Part of the problem is in understanding what specific characteristics of your customers you are looking for. PKO, Poland’s largest bank, was looking to roll out a new epayment app for its smartphone users and needed to identify those customers that were Internet-savvy and had the appropriate smartphones and were also comfortable with downloading apps. They used a combination of tools to comb their data warehouse and target the first 37,000 customers that fit their profile.
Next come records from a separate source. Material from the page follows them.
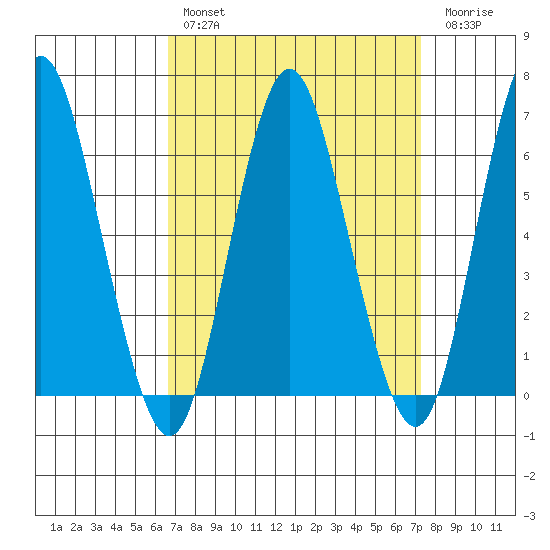 South Norwalk tide chart for Monday, March 29, 2021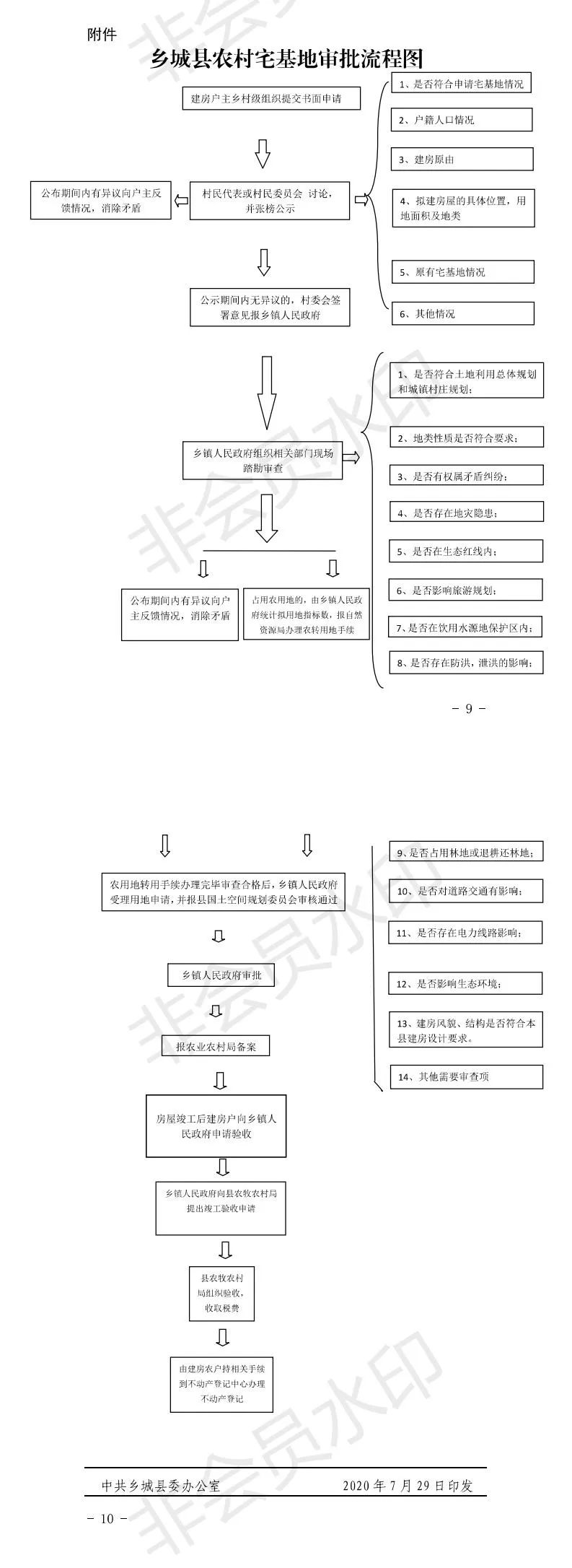 农村宅基地审批流程图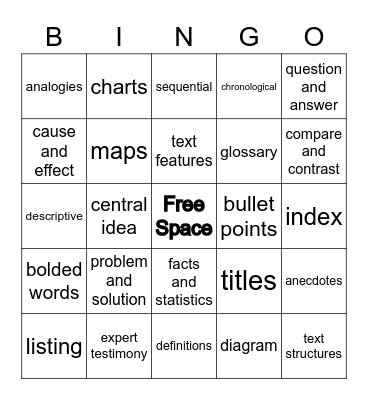 Informational Text - Supports, Structures, Features Bingo Card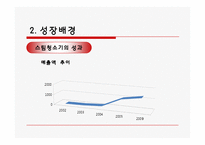 한경희 생활과학 성공사례.-9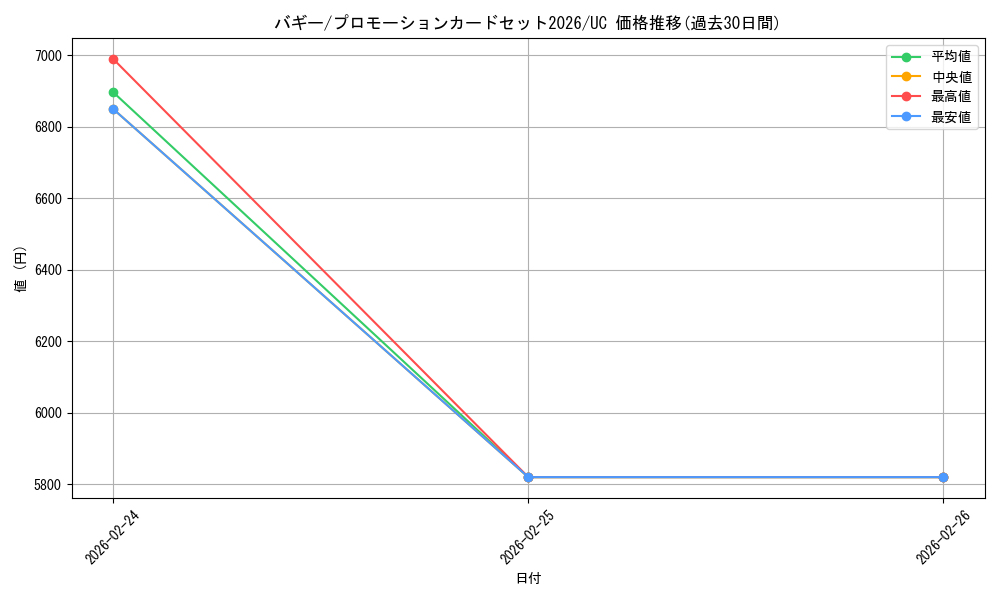 card_79822_series_4326810_rarity_122637_graph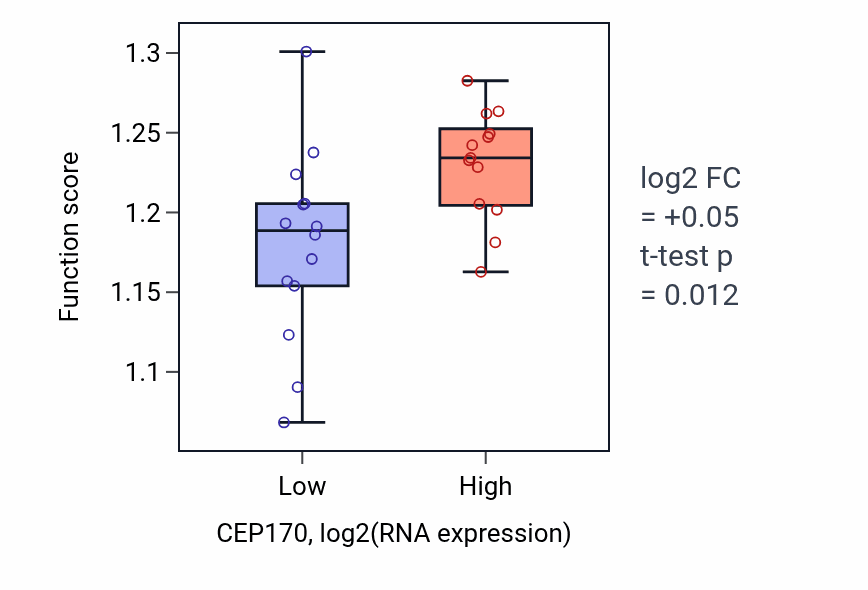 Box plot of Regulation of cytokinesis in CEP170-low vs CEP170-high samples in LUNG_NSCLC_LUSC.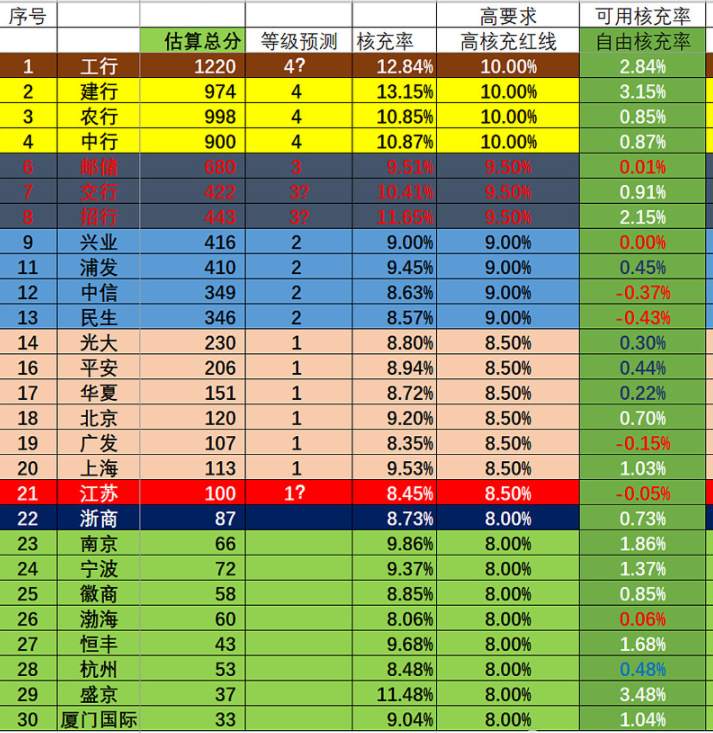 暴露的时候到了---------系统重要性银行评估分析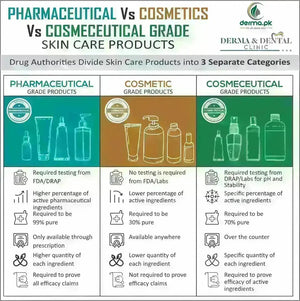 Microneedling for Stretch Marks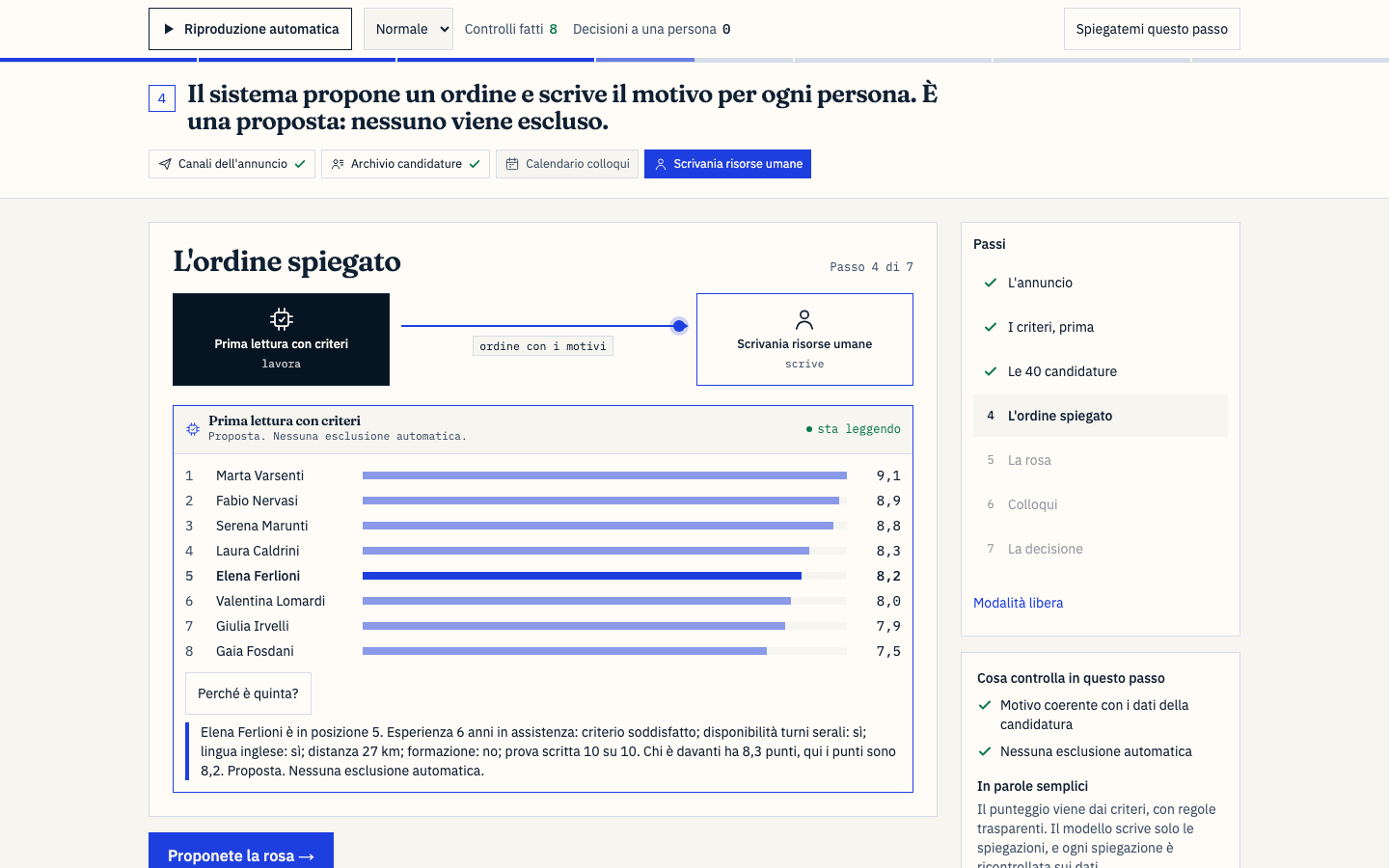 Selezione, dati inventati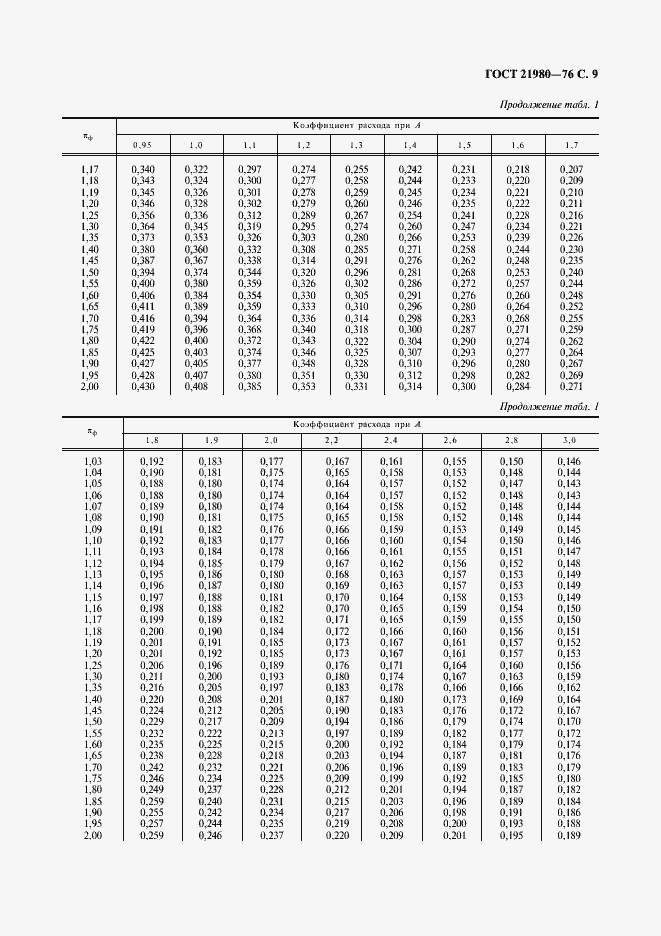 Страница 10 ГОСТ 21980-76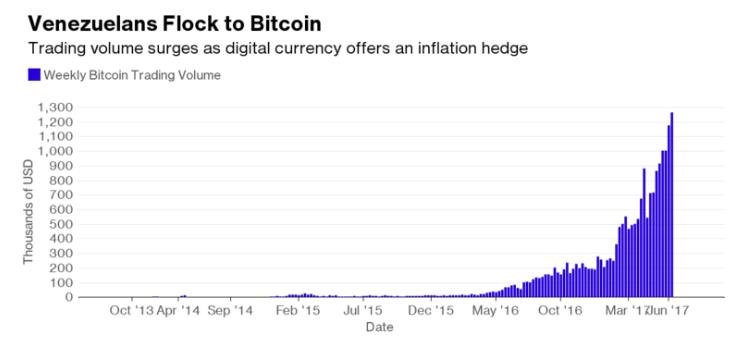 Venezuela-Local-Bitcoins.jpg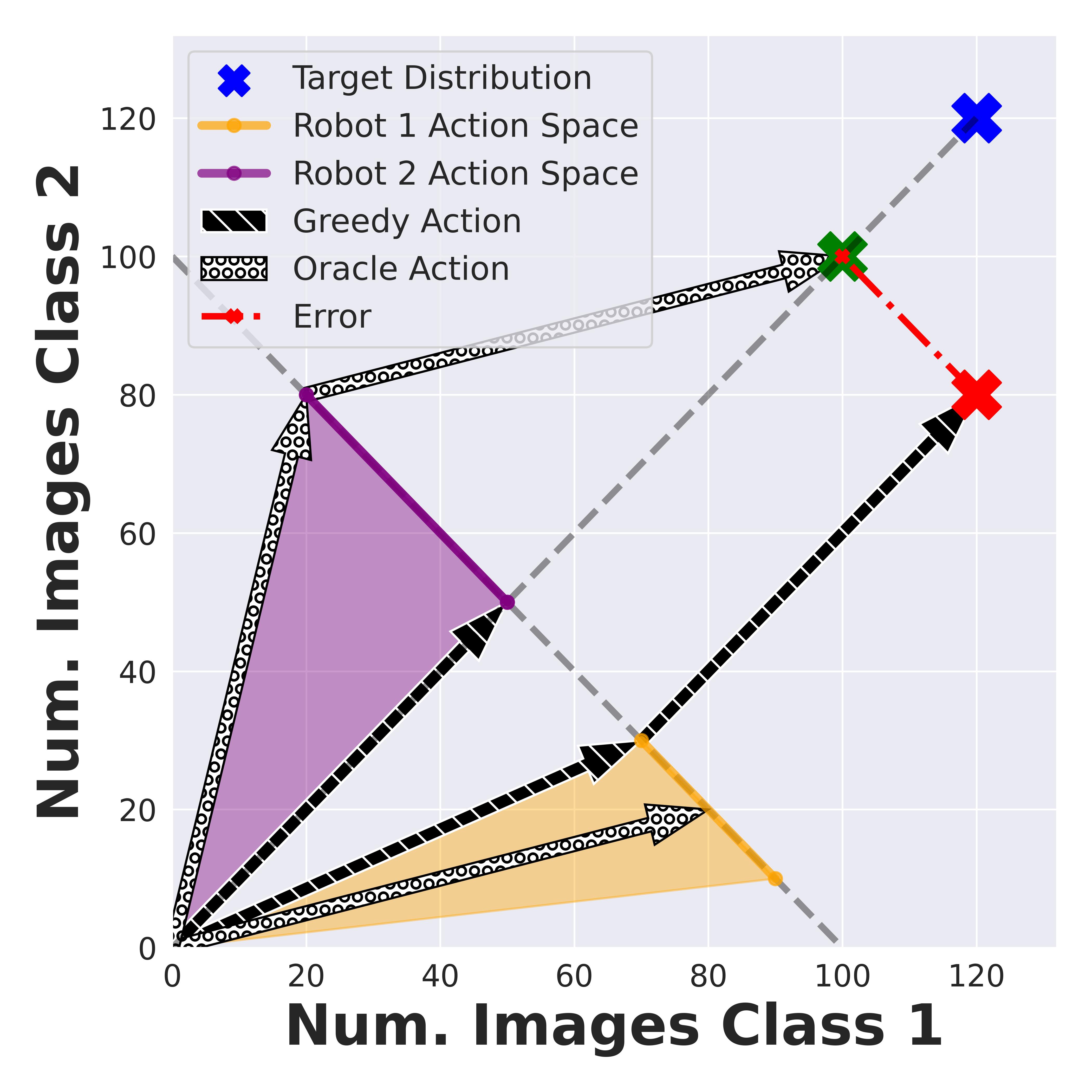 Toy Example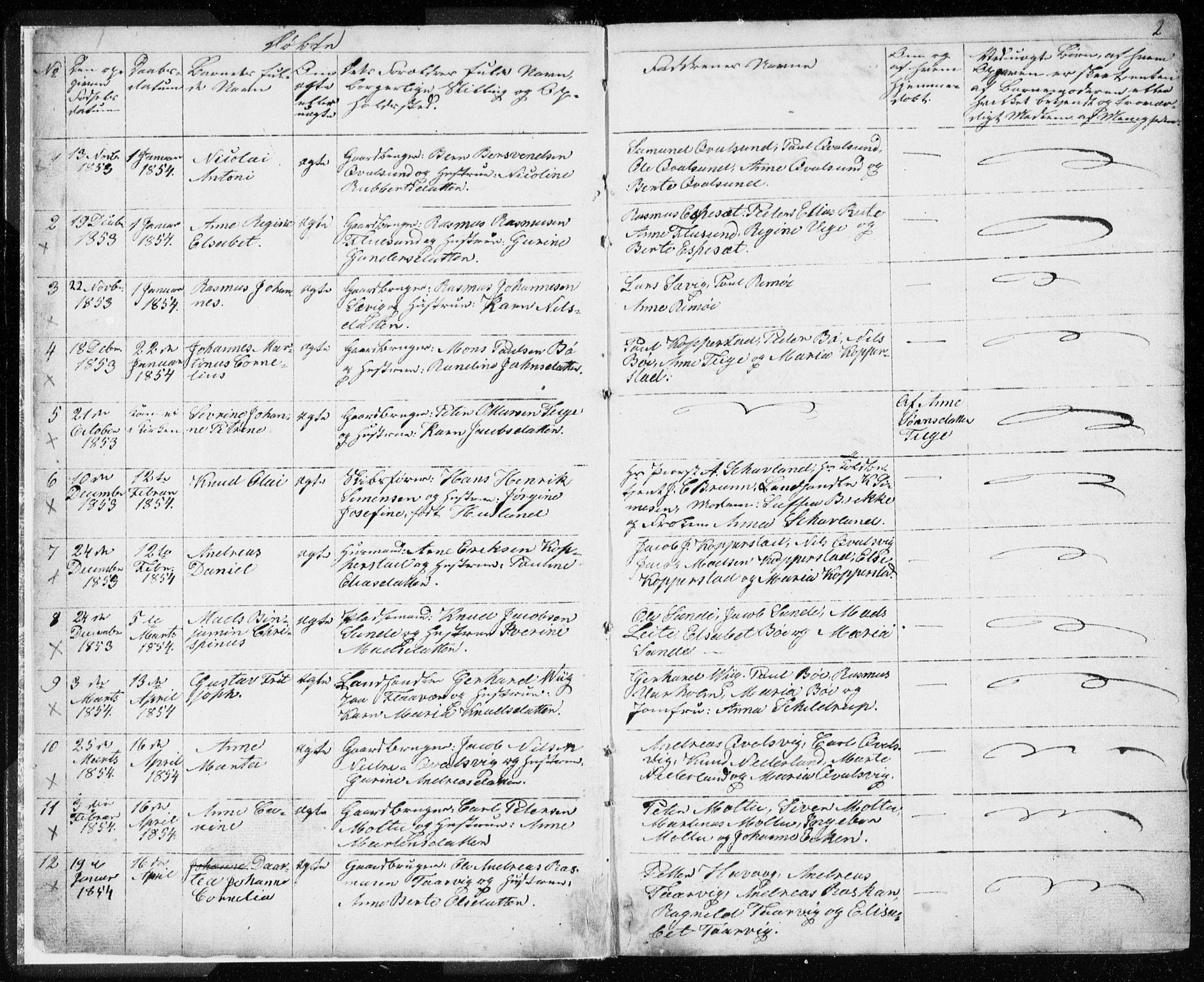 Ministerialprotokoller, klokkerbøker og fødselsregistre - Møre og Romsdal, SAT/A-1454/507/L0079: Parish register (copy) no. 507C02, 1854-1877, p. 2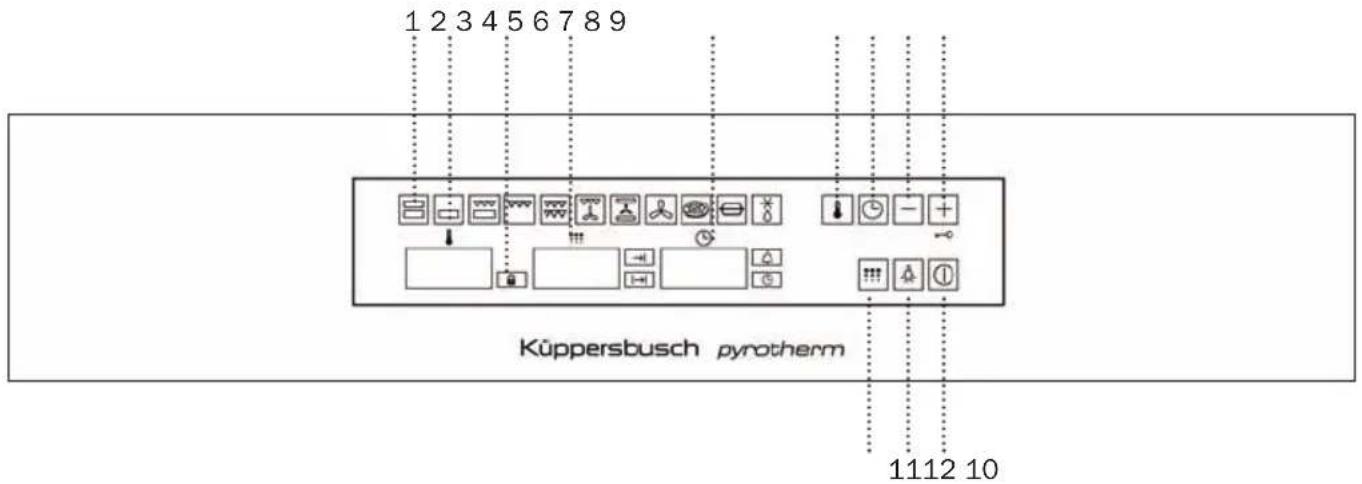 1 2 3 4 5 6 7 8 9 Küppersbusch pyrotherm 1112 10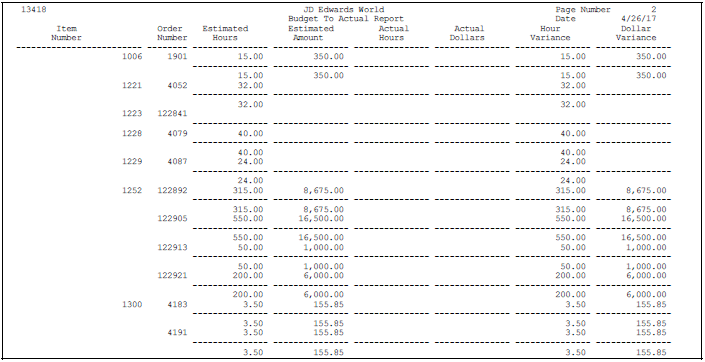 Description of Figure 51-7 follows
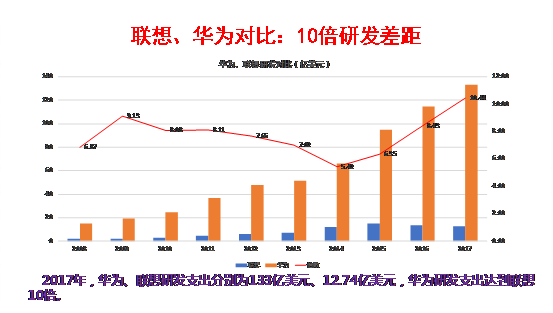 华为市值，科技巨头崛起的背后与未来展望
But more importantly, they were able to measure the number of activations of their app by particular marketing campaigns to see which ones brought in the largest number of customers.

Speaking of banking customers, Mark Swenson, the Director of Campaign Management for Teradata, gave some telling examples of how one bank used ATM data to acquire new customers. “They found more than a million of their customers only interact with ATMs and never come into their branches. But these customers were completely invisible before the bank added this data into their Teradata data warehouse, and were able to track who were going to other banks’ ATMs for their cash withdrawals. By adding marketing messages to their ATM screens, they were able to acquire 1300 new accounts over three weeks.”

This brings up an important point. “Every day, huge amounts of data are literally thrown down the drain. This is a major missed opportunity,” said Hani Mahmassani, who runs the Northwestern University Transportation Center. At the Dallas conference, he gave several transportation examples where trucking firms have instrumented their vehicles mostly for compliance reasons but weren’t using the data collected to make supply chain decisions or to optimize their fleet operations.

Customers can also provide tremendous insight into their own behavior, if you spend the time to listen to then. “What your customers tell you about how they use your website tells you more about your customers too,” says James Taylor of Decision Management Solutions. At the Teradata conference, he spoke of a recent incident with his local grocery store, where he is a loyalty card member. “They sent me a postcard with a generic series of offers that weren’t very compelling. There was no attempt to target the messaging, and no way to load the discounts into my card or my smartphone app. I couldn’t take advantage of the discounts at the store because I didn’t have my loyalty card with me.” All of his purchasing information was tracked through the program, yet it didn’t appear that his grocery store cared about his business. “If you treat your customers like a number, they will eventually defect – interaction quality is as important as product quality.”

Speaking of product quality, another session at the conference was from Mohan Namboodiri, who is the VP of Customer Analytics for Williams Sonoma. “Data science is part of our brand building here,” he said. The retailer is very conscious of delivering a high quality online shopping experience along with its heritage of scouring the world for fantastic products. As a result they are in the top 25 sites according to online annual revenues. To accomplish this they needed to have one central view of all of their marketing programs, both online and off.

Like Otto Group, they developed a series of personas to characterize their site visitors using Teradata’s Aster. They also have various triggers that have been programmed to respond to particular customer actions, such as recent browsers of a particular item that is put on sale in its stores. “It could be borderline creepy, but it is a sale and so saving customers money trumps that,” he said.